Although the standard itself has been around for a few years now, it seems that the inclusion in the draft of ISO 9001 on risk management seems to have got people thinking and an interest in risk management in general.
I personally like some of the terminology used around the standard itself and the fact it describes ‘Risk Management’ as being the architecture for managing risk, it is the framework, principles to be applied and procedures. ‘Managing Risk’ is the implementation of this architecture. I come across people who say that they conduct risk management and maybe get confused whereas they are really managing risk, although you can argue terminology does not matter I do believe a clear distinction is needed between them both, as everybody understands the need to manage risk but perhaps think risk management is someone else’s job to do. I hope that makes sense!
A key point that does frustrate and annoy me is the fact companies claim that they are certified to ISO 31000. Firstly this will not be a UKAS certification etc, secondly the standard is asset of principles and guidelines and most importantly the standard itself states that it is not for certification.

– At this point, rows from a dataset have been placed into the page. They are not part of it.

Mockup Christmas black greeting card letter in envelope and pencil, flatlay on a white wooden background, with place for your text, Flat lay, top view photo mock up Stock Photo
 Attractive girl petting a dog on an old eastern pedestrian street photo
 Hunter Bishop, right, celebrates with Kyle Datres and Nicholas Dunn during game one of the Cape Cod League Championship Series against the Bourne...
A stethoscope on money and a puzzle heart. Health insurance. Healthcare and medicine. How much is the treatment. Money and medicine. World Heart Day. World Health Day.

The next follow up posts, coming over the next few weeks will allow me the chance to explain a little bit more about the standard, although ISO 31000 does cover risks and identifies some generic processes that will allow organisations to move forward with their own risk management practices, it aims to encourage you to build your own framework for the management of risk. In my next article I will look to give an oversight on the principles and framework involved for creating risk management practices in a business.
So why should you manage risk? Let’s finish off with some food for thought in what the standard states an organisation can be assisted towards when managing risk.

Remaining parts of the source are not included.